Los republicanos viven en el «hartazgo». Quieren concentrarse en las elecciones y miran de reojo los movimientos de Torra. Saben que sus mensajes llegan nítidos y directos a esos que braman por las calles «puta España», epíteto muy aplaudido en TV3. Son los que se consideran la «resistencia», los de «ni un paso atrás», los que aplauden entrar en batallas de dudosa utilidad. Son como el rey Pirro de Epiro. Ganó dos batallas a los romanos, con tantas pérdidas, que tuvo que retirarse con el rabo entre las patas. Torra, con su «burlesque», trata de motivar a los suyos, de movilizarlos, para evitar el gran fiasco electoral que le auguran las encuestas. Sus supuestos enfrentamientos con España ocultan su gran objetivo: debilitar a ERC, que se niega a someterse a los dictados de la unidad bajo la égida de Puigdemont. Como la cúpula de ERC no acepta esta sumisión, la estrategia de Torra y Puigdemont es intentar radicalizar a su electorado y presentar a los republicanos como moderados y blandos. Casi entrando en la categoría de botiflers, de traidores. Los republicanos temen esa radicalización de los votantes. El independentismo ha puesto las expectativas tan elevadas, la independencia tan al alcance, que cambiar a una estrategia de moderación es sinónimo de rendición.

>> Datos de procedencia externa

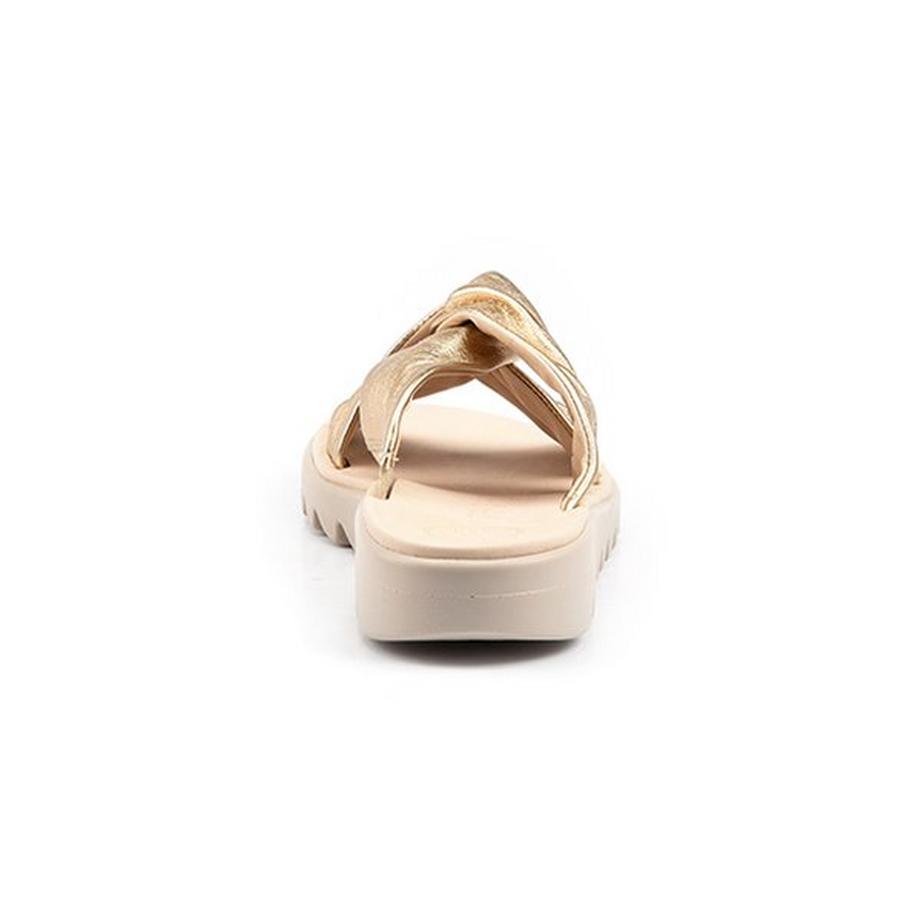 Paul Green 7774 Sandali Metallici con Fasce Incrociate  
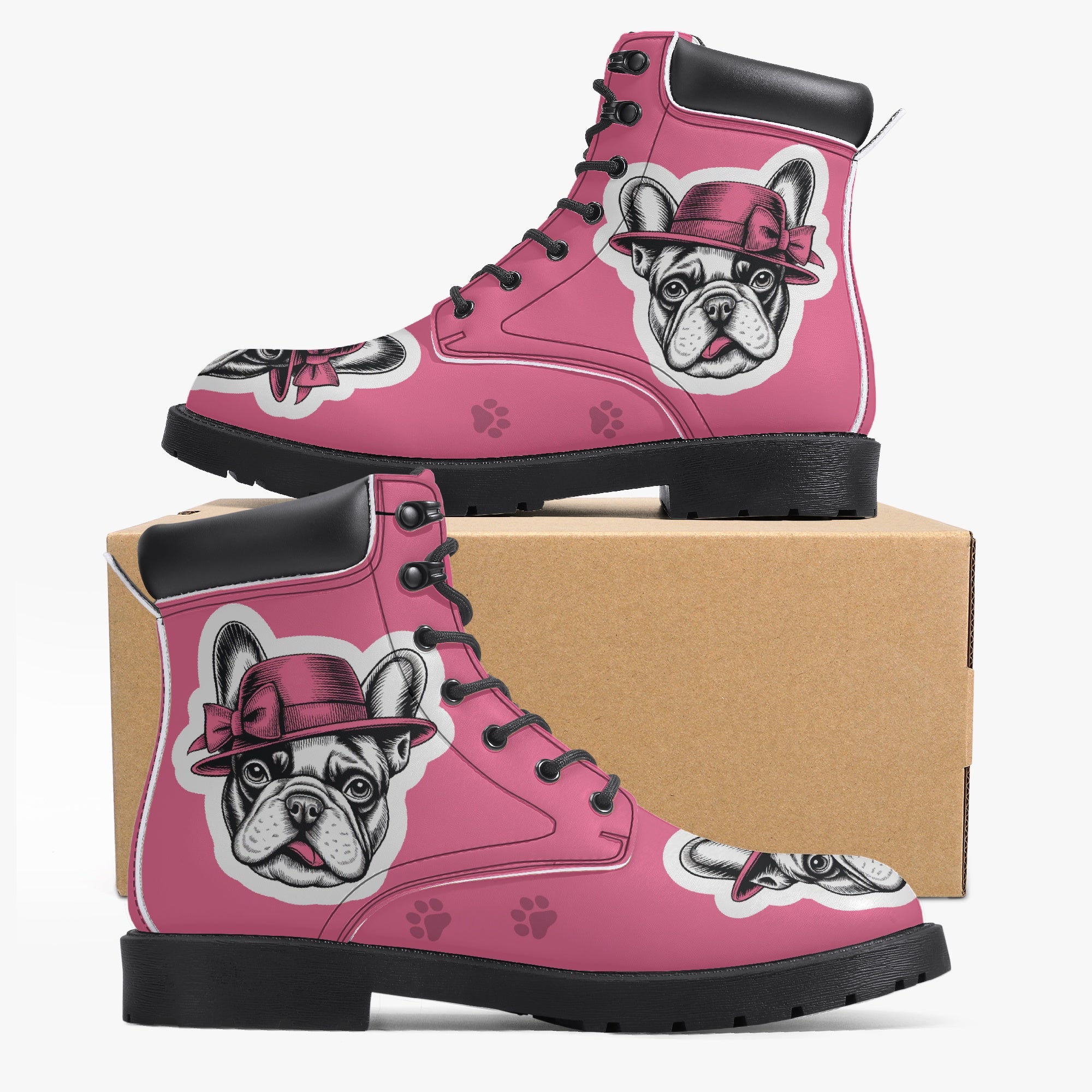 Mason French Bulldog Ankle Booties for Frenchie Enthusiasts-fadou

Por eso, ERC no se atreve a romper y plantar cara. En el mundo independentista, la unidad es un bien preciado para enfrentarse al enemigo común. Señalar la extravagancia está mal visto. No vende. ERC acepta los continuos «trágala» como mal menor, a la espera de romper el equilibrio de las fuerzas independentistas y así forzar su hoja de ruta, que se aleja del enfrentamiento gratuito que reporta pocos réditos. Las generales y las europeas son su caballo de batalla y, sobre todo, las municipales. Hasta no llegar a estas metas volantes tendrán que aguantar a Torra, el peor presidente de la Generalitat y el que lleva a los catalanes a sentir vergüenza ajena. Un día sí y otro también. Váyase señor Torra. Nos hará un favor a todos y con su marcha –Waterloo puede ser un buen destino– ayudará a que Cataluña recupere la dignidad.